Vous pouvez détecter les parasites internes de votre cheval sans recourir systématiquement aux traitements chimiques. L'observation attentive des signes cliniques, les tests de coproscopie et l'évaluation de votre environnement vous donnent des indices précis sur la santé parasitaire de votre équidé. Ces méthodes naturelles demandent de la vigilance, mais elles s'intègrent parfaitement dans une routine de soins réfléchie adaptée à chaque cheval.
Les principaux parasites internes incluent les nématodes, les cestodes et les strongles. Chacun d'eux provoque des dommages différents et demande une attention particulière. Comprendre leur nature et leur cycle de vie vous aidera à mieux identifier les symptômes et à adapter votre approche de détection.

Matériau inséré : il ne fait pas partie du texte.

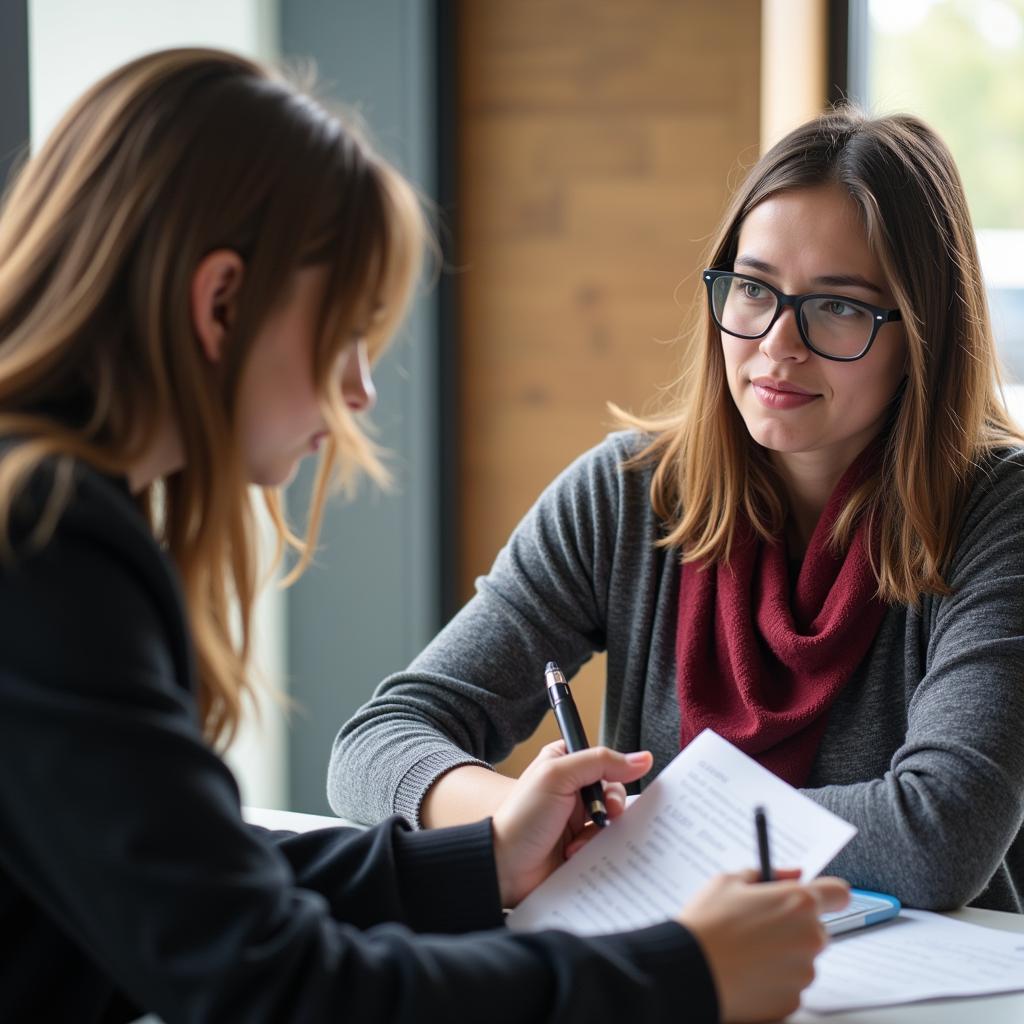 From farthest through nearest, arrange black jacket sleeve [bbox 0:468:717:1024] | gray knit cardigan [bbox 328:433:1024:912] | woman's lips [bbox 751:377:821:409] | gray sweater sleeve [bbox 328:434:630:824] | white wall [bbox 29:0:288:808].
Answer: white wall [bbox 29:0:288:808]
woman's lips [bbox 751:377:821:409]
gray sweater sleeve [bbox 328:434:630:824]
gray knit cardigan [bbox 328:433:1024:912]
black jacket sleeve [bbox 0:468:717:1024]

Les nématodes, comme les petits strongles, sont les parasites les plus courants chez les chevaux. Ces vers ronds vivent principalement dans le gros intestin et l'intestin grêle. Les petits strongles (cyathostomes) sont particulièrement fréquents : il existe plus de 50 espèces, et ils affectent pratiquement tous les chevaux ayant accès à l'herbe.
Ce qui rend les petits strongles particulièrement problématiques, c'est leur capacité à s'enkyster dans la muqueuse intestinale et à entrer en hypobiose (une sorte de sommeil parasitaire pouvant durer jusqu'à 36 mois). Ils peuvent donc échapper à la détection et aux traitements pendant longtemps. Lorsqu'ils se réveillent en masse, généralement entre novembre et mars, ils provoquent une condition appelée cyathostomose larvaire qui cause diarrhée, amaigrissement et parfois coliques graves.
Les autres nématodes courants incluent :
Les cestodes, tels que les ténias ou anoplocéphales, sont les vers plats du cheval. Ils se fixent au niveau de l'intestin grêle et absorbent les nutriments directement du contenu intestinal. Il existe trois espèces principales chez le cheval : Anoplocephala perfoliata, Anoplocephala magna et Paranoplocephala mamillana.
Le risque majeur avec les ténias : ils augmentent significativement le risque de coliques, notamment au niveau de la jonction iléo-cæcale (la jonction entre l'intestin grêle et le gros intestin). Les ténias ne provoquent pas toujours de symptômes évidents jusqu'à ce qu'une colique cheval survienne brutalement.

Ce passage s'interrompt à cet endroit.